For all its fame and excellence, there are reasons to deny this account the epithet "perfect" - but a heck of a lot is very right indeed, starting with Giulini's magisterial direction, which is sprung, flexible and subtle, with none of the excessive leisureliness which sometimes afflicted his later conducting. The Philharmonia Orchestra is simply wonderful.
The cast is superb, though I have reservations about a couple of things, starting with Taddei's tendency to ham it up too much with some nasal affectations and barking to accentuate things that are already intrinsically funny and are better delivered in a sly rather than a histrionic manner. He also loses tonal quality too often, such as in an ugly sustained D on "maestosa". Nonetheless, he is a good foil to Wächter's silky Don in their quick-fire exchanges, despite their voices being too similar in recitative if you are used to a bass such as Siepi or Ghiaurov as the Don. Wächter is aggressive, driven and able to signal that he is deliberately and cynically turning on the seductive charm to further his sex addiction. Many will welcome a baritone Don as more appropriate both to the tessitura of the music and the character of opera’s favourite roué.

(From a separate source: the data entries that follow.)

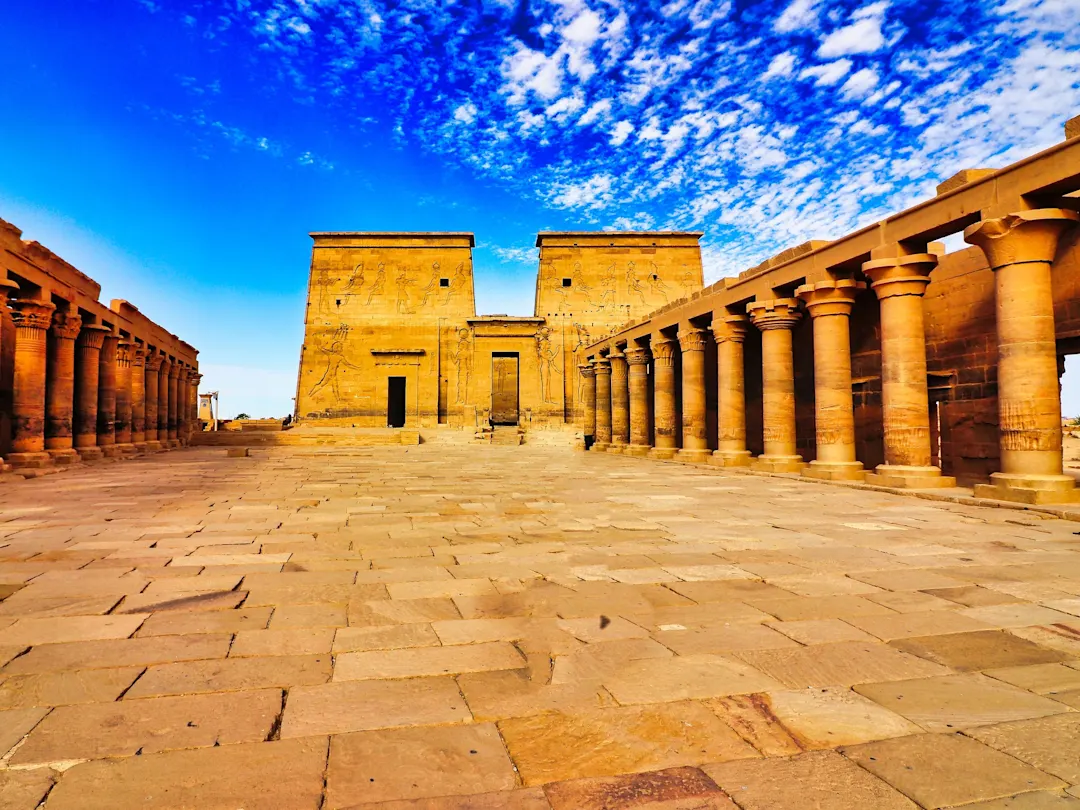 Assuan, Ägypten Der Philae-Tempel mit beeindruckenden Säulen und Reliefs, umgeben von Wasser, unter blauem Himmel mit weißen Wolken, in Assuan, Ägypten.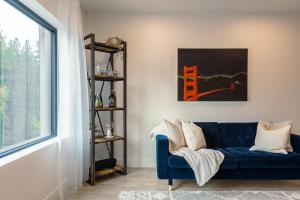 sala de estar con sofá azul y ventana en Revelstoke Alpine Retreat - RARE One-Bedroom Condo, en Revelstoke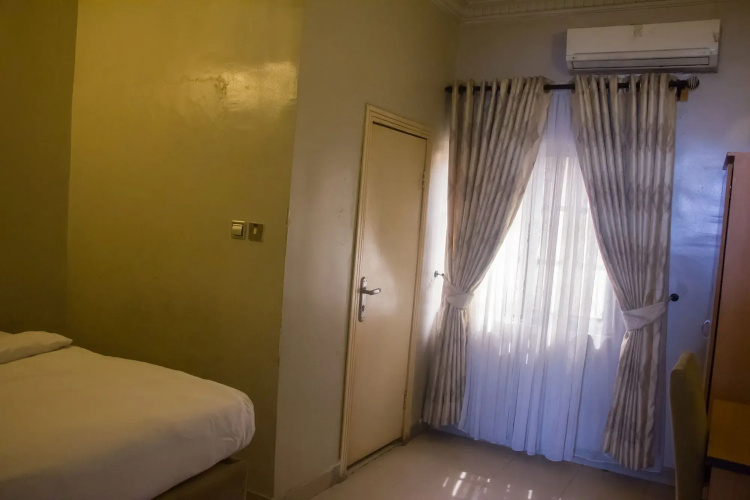 Triple Tee Hotel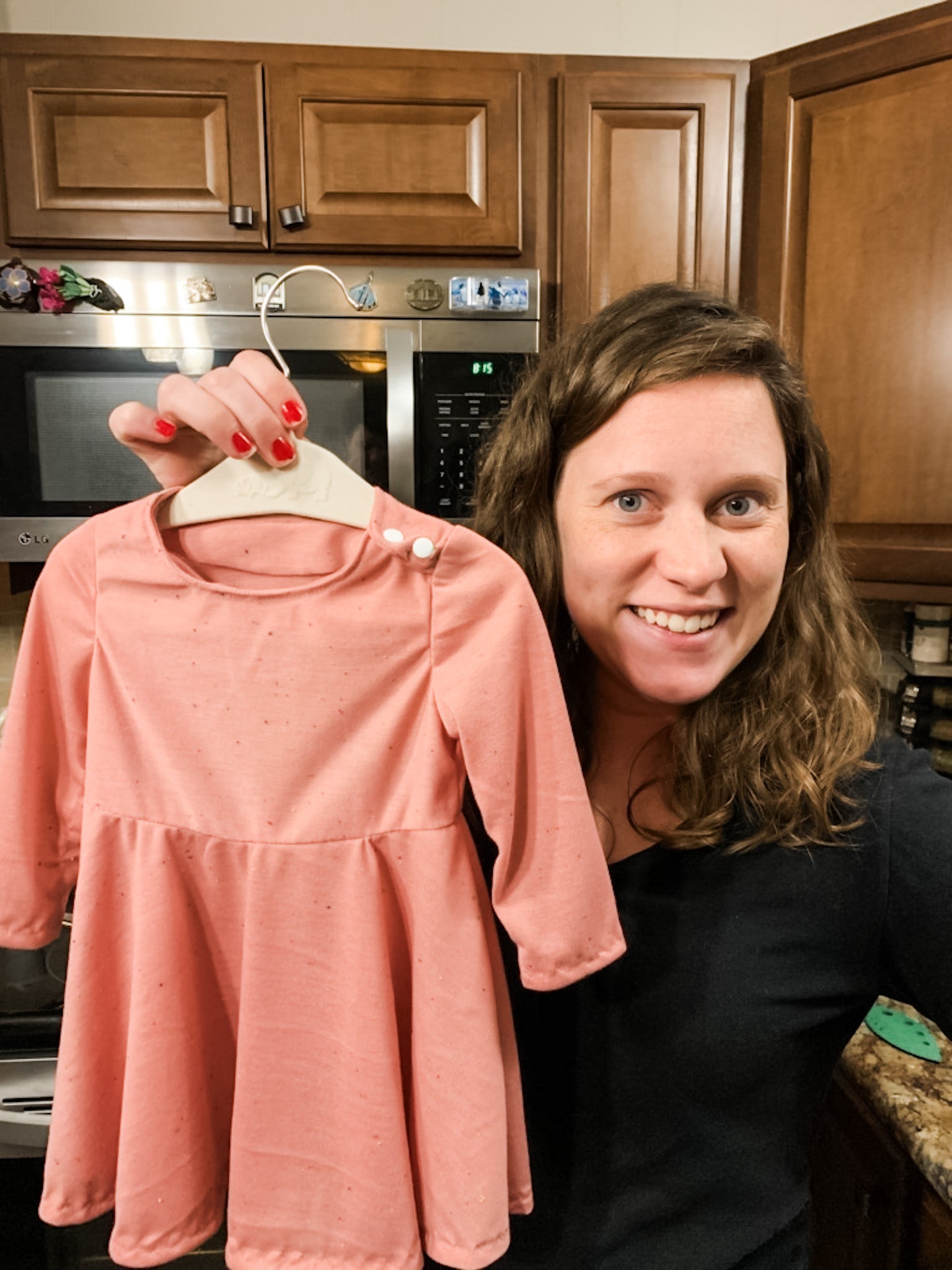 Casey Chatham holding a dress on a hanger made using the Ingrid dress pattern from Oh Me Oh My Sewing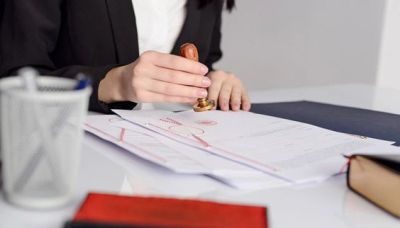 A person stamping documents at a desk in a professional setting.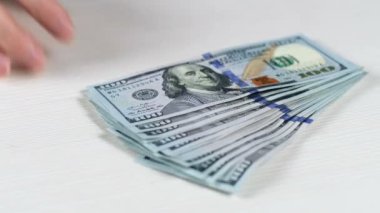 Bir adam masadan 100 dolarlık banknotları eliyle kaldırır ve yerine bir yığın bitcoin koyar..
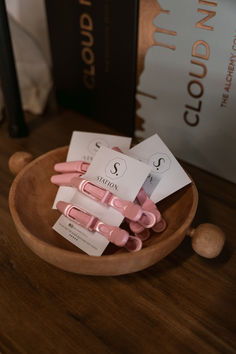 pink and white clips are in a wooden bowl on a table next to some books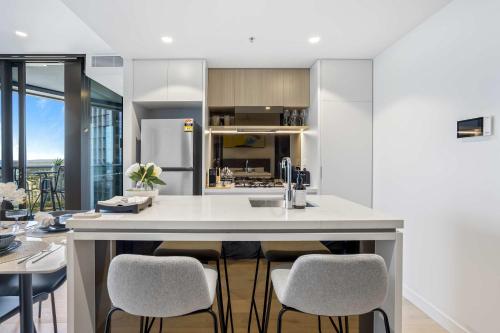 a kitchen with a large island with bar stools at Your QW Escape - Pool Gym & Stunning Sky Deck View in Brisbane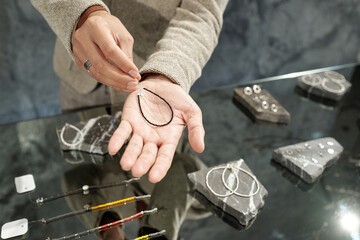 Hands of young man holding handmade bracelet over his palm while showing it to consumer in jewelry...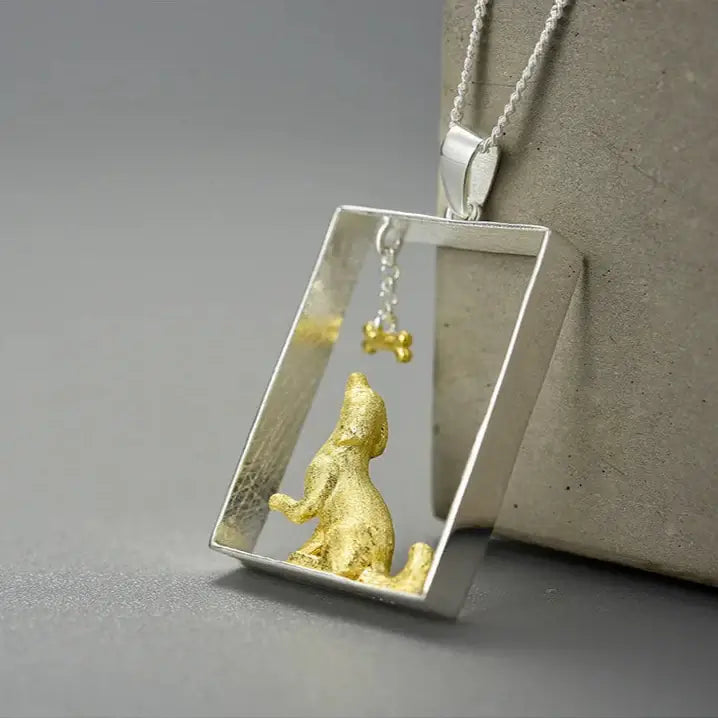 Sterling silver dog portrait pendant with gold detail, featuring a dog and a bone charm, elegant pet jewelry.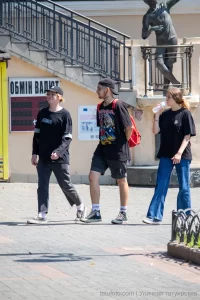 Фото татуировки на шее: портрет мужчины с кепкой и надписью. Черно-белая татуировка, детализированная проработка.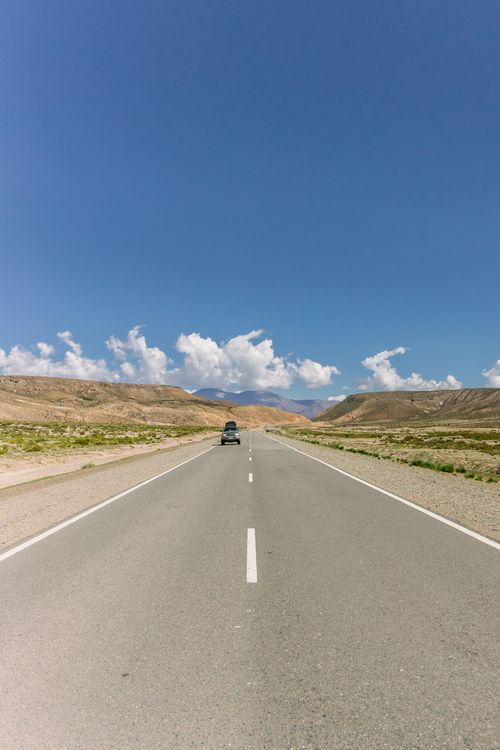 Free Open road under clear blue skies in Argentina's scenic landscape, perfect for travel inspiration. Stock Photo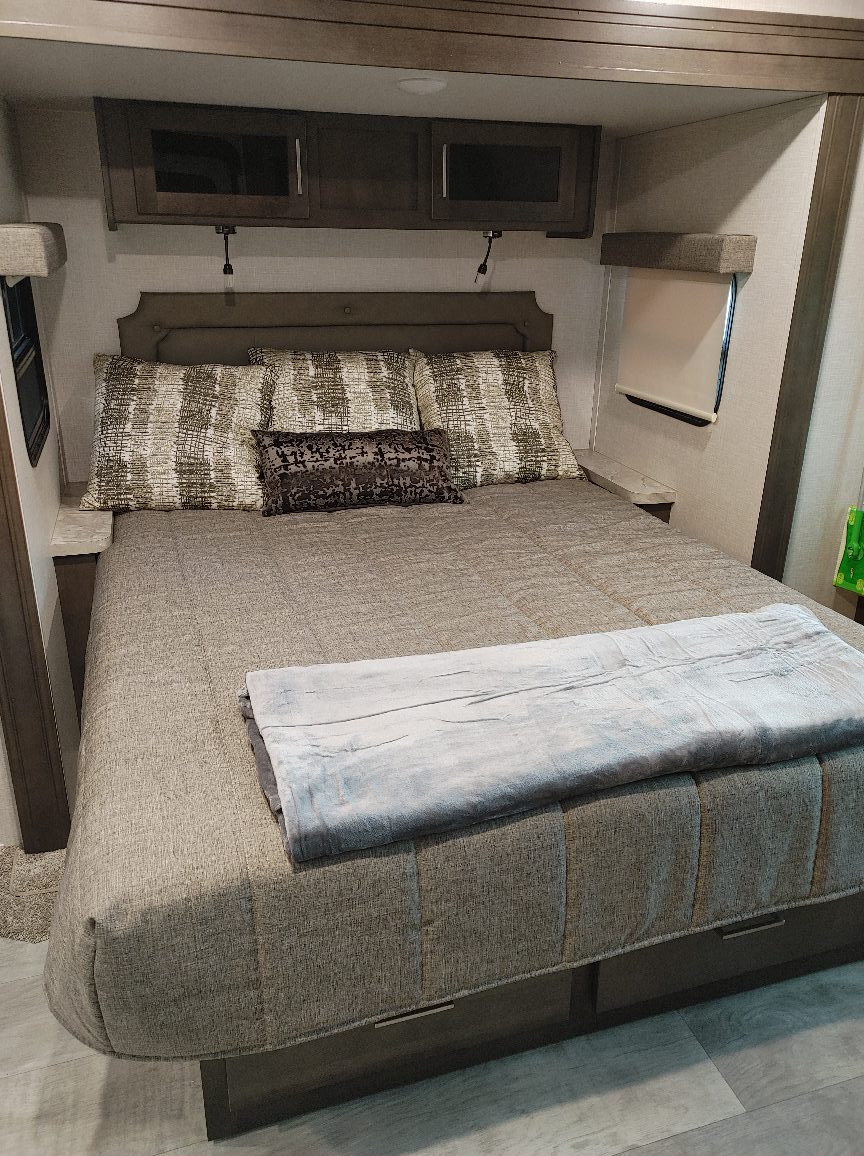 Cozy RV rental bedroom showing a queen bed with patterned pillows, overhead cabinets, and soft lighting. Ideal for travel comfort.. Forest River Rockwood Ultra Lite 2021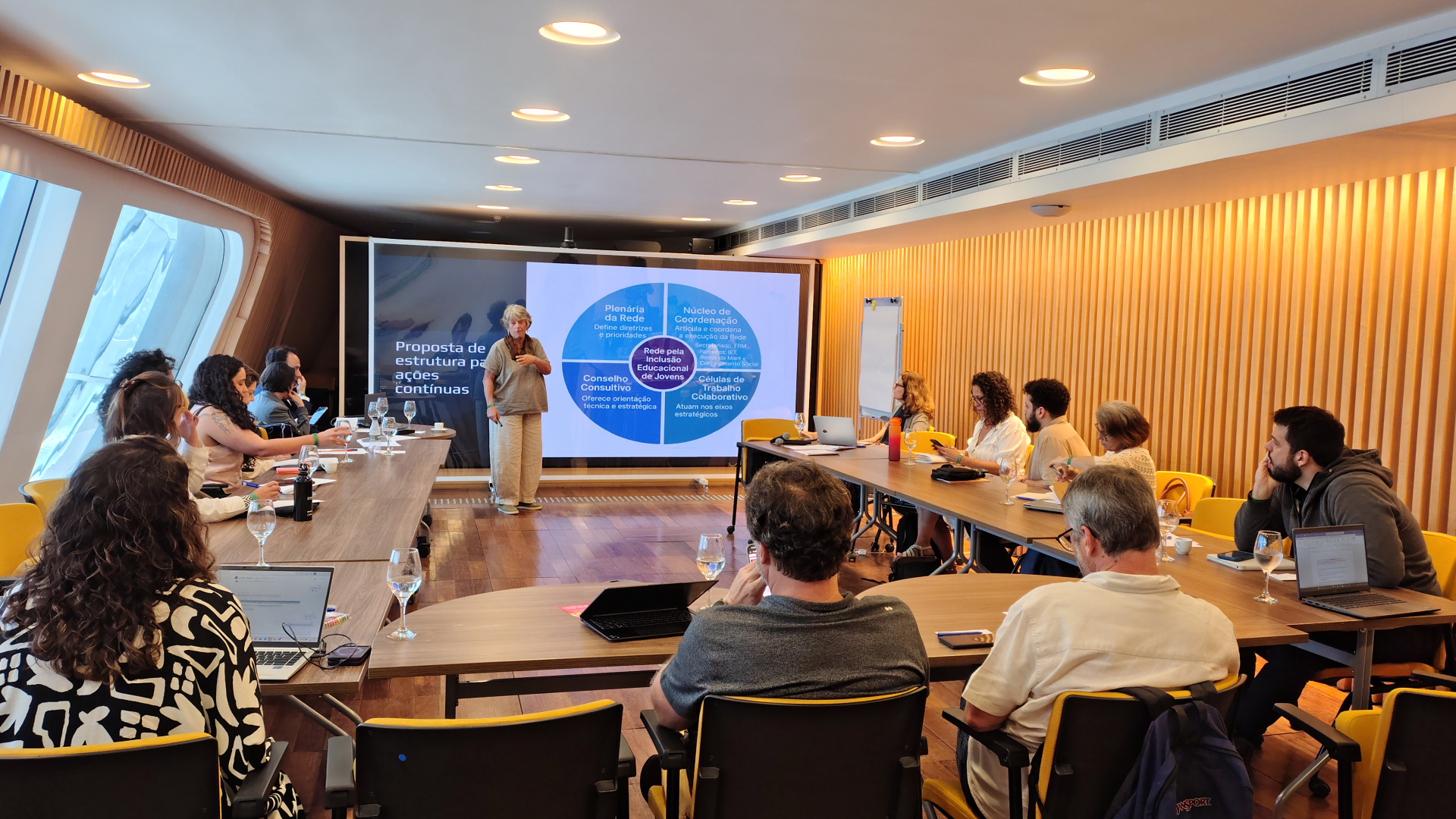 Reunião de trabalho com especialistas reunidos em uma sala iluminada, acompanhando a apresentação de uma palestrante diante de uma tela com a proposta de estrutura para ações contínuas. Participantes analisam materiais, fazem anotações e interagem, em um ambiente colaborativo e focado em planejamento estratégico.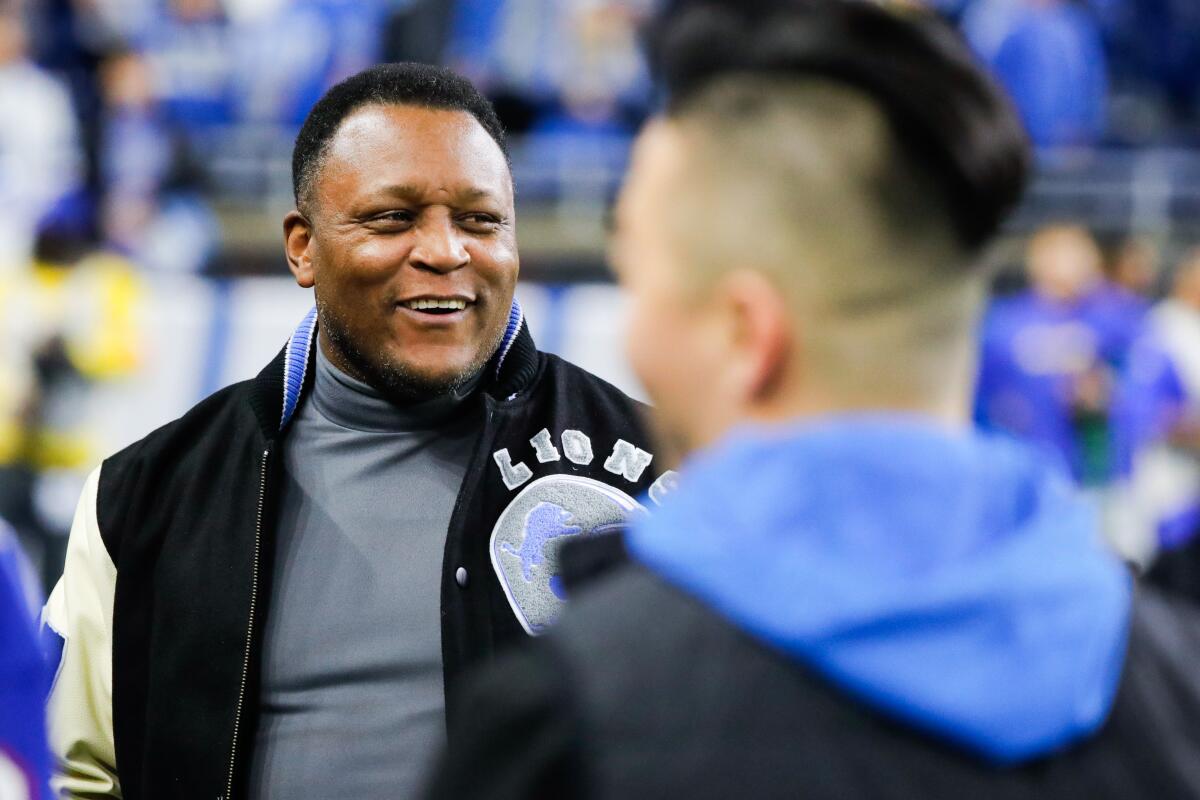 Former Detroit Lions running back Barry Sanders chats on the field before the Lions hosted the Rams. 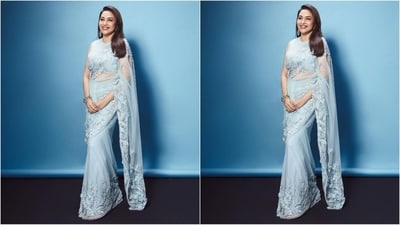 Madhuri's mesmerising saree comes in an enchanting sky-blue colour and is made of net fabric with intricate floral embroidery and crystal embellishments adorning the border. She teamed it with a matching sleeveless blouse and draped it elegantly around her, letting the saree fall beautifully from her shoulders. (Instagram/@madhuridixitnene) Madhuri's mesmerising saree comes in an enchanting sky-blue colour and is made of net fabric with intricate floral embroidery and crystal embellishments adorning the border. She teamed it with a matching sleeveless blouse and draped it elegantly around her, letting the saree fall beautifully from her shoulders. (Instagram/@madhuridixitnene)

Sutherland's Donna Anna is a surprise and simply the best on record: agile, huge and gorgeous of tone and even well characterised in so far as it is possible to enliven such a starchy soul. The contrast with Schwarzkopf's febrile Elvira is telling; she had already been singing this role for a decade and it suited her voice and talents ideally. Luigi Alva sings with both more beauty of line and steel in his tone than I had remembered. Sciutti is average as Zerlina, Cappuccilli hectoring as Masetto and the great Gottlob Frick very unsteady indeed in the opening scene - but he warms up nicely for an appropriately chilling and sepulchral Commendatore in the crucial final showdown.
As is normally the case with Pristine, there is little in the booklet apart from the tracking cues, excerpts from a “Gramophone” review of a previous issue and a note from the engineer; otherwise one may go online for full programme notes. What is presumably a printing error on the spine of my review copies suggests that the catalogue number is 077; however, on the reverse covers, the discs themselves and the Pristine website the three discs are is listed as 078A, B and C.